▶ Your goal
Any picture in the material should be left out, while all other lines are copied exactly.
*** Collected material
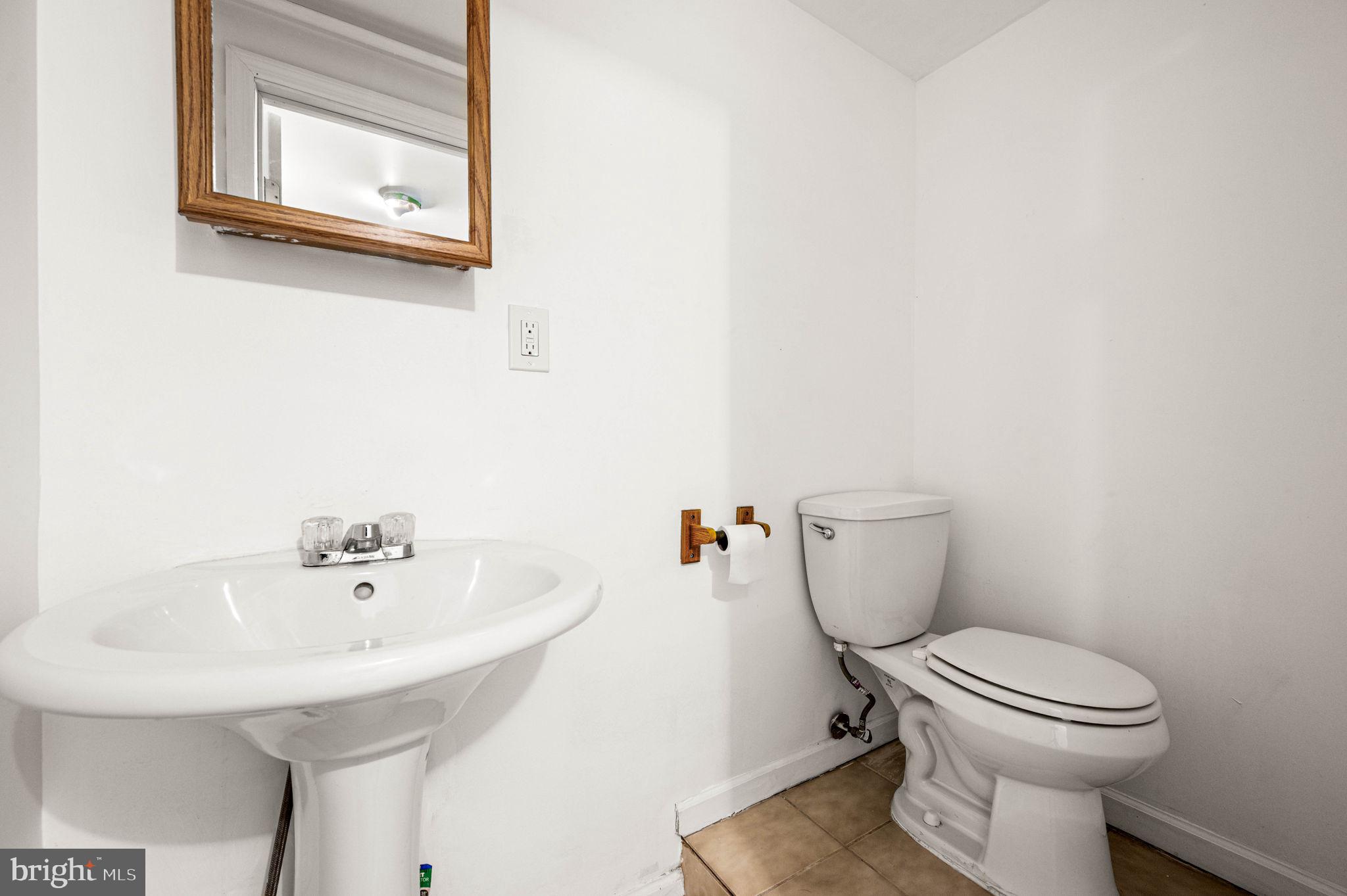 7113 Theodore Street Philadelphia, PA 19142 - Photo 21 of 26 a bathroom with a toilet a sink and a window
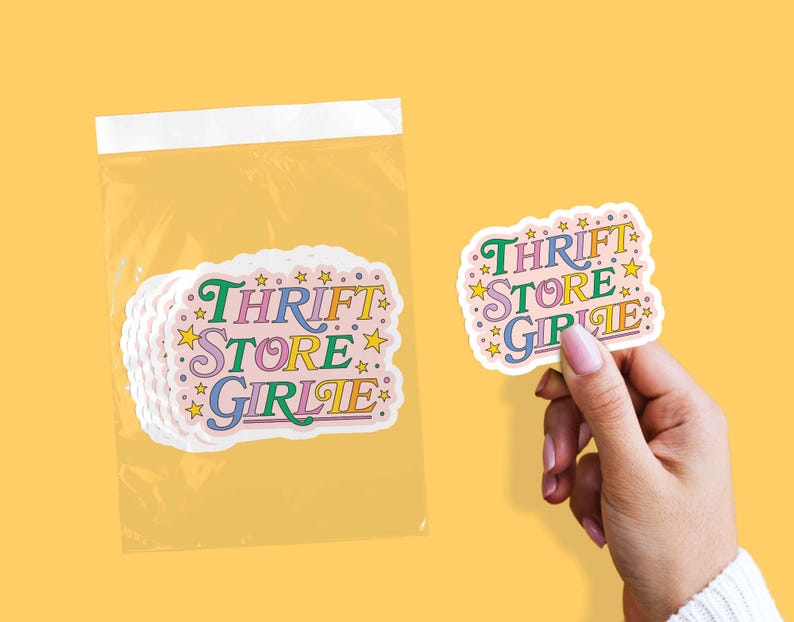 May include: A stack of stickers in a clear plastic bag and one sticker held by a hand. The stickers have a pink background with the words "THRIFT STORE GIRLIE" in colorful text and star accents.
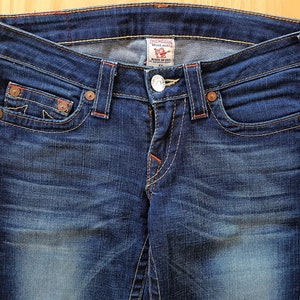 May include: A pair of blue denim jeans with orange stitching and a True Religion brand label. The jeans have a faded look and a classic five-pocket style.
******
▶ Solution below
 7113 Theodore Street Philadelphia, PA 19142 - Photo 21 of 26 a bathroom with a toilet a sink and a window
 May include: A stack of stickers in a clear plastic bag and one sticker held by a hand. The stickers have a pink background with the words "THRIFT STORE GIRLIE" in colorful text and star accents.
 May include: A pair of blue denim jeans with orange stitching and a True Religion brand label. The jeans have a faded look and a classic five-pocket style.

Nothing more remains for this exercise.